Bail extended to April for anti-gang activist Gwenton Sloley

Back view of police

Metropolitan Police officers Pic: Martin Foskett

Anti-gang activist Gwenton Sloley’s bail has been extended from February to April as police continue examining his laptop for evidence of criminal activity.  

Sloley’s home in Hackney was raided by the Metropolitan Police on January 22 in a search for class A drugs. The raid came just three months after his home was raided in October last year. 

No drugs were found at Sloley’s house and police are continuing their investigation.  

Sloley is a high profile activist and a former gang member himself. He now works with the Metropolitan Police, local councils and various charities tackling gang violence.  

The initial raid was classed a mistake by police who were looking for a previous tenant who had moved out five years prior. The address was then leaked by a member of the Met Police. 

Sloley now claims the Metropolitan Police are specifically targeting him. He said in an interview with blogger Lee Jasper that the arrest warrant for the second raid was not signed by the courts, just the arresting officers “friends”. 

The police arrested Sloley and brought him in for questioning after finding a parking ticket during the second raid. There were no drugs found in the flat or on Sloley. 

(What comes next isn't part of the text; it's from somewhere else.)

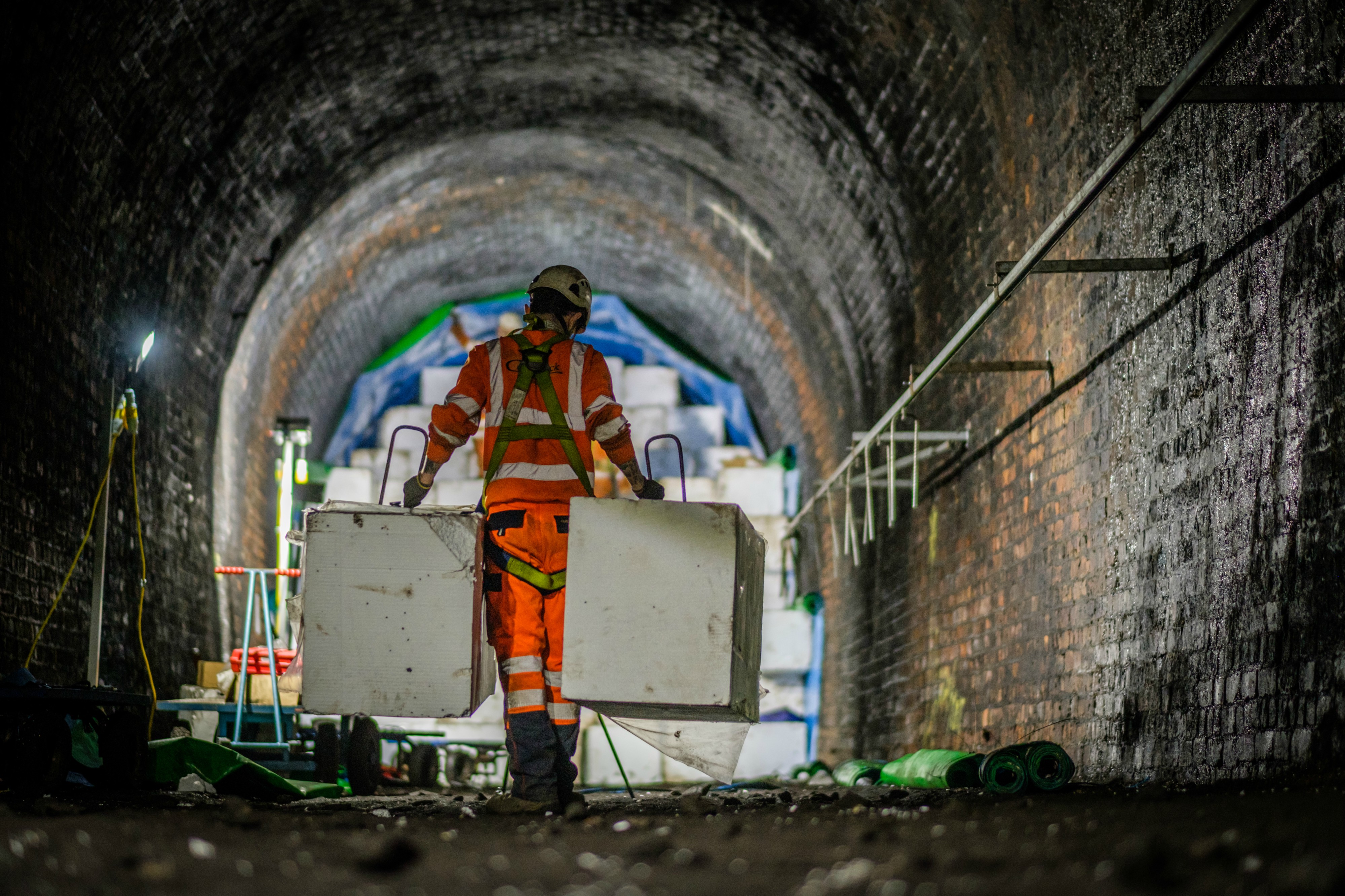 Amey made light of the project by using expanded polystyrene (EPS) blocks Amey-ForthTunnell-InFill.jpg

Sloley has vacated his property after he was issued an Osman warning by Lewisham police. An Osman warning indicates that police consider his life to be in immediate danger. This came after his address was leaked after the October raid. 

Sloley asked Detective Constable Chris Bryant why his bail was extended. He responded in an email which Sloley shared with the Hackney Gazette. “Your case is still being investigated and more time is required to ensure that the matter is fully explored,” Bryant wrote in the email. 

I appreciate that, due to your work, you would ideally like a swift resolution to this matter. However, there are still viable lines of enquiry that require exploration. The laptop that was seized could not be downloaded locally and therefore I had no choice but to seek authorisation to have it sent to one of our labs for examination. I am still also collating other evidence at this time.” 

Sloley has launched a legal action against the Met, claiming he is owed £3 million in damages after the first raid. He has argued that he not only lost £140,000 of earnings due to cancelled contracts but that he has also suffered defamation of character.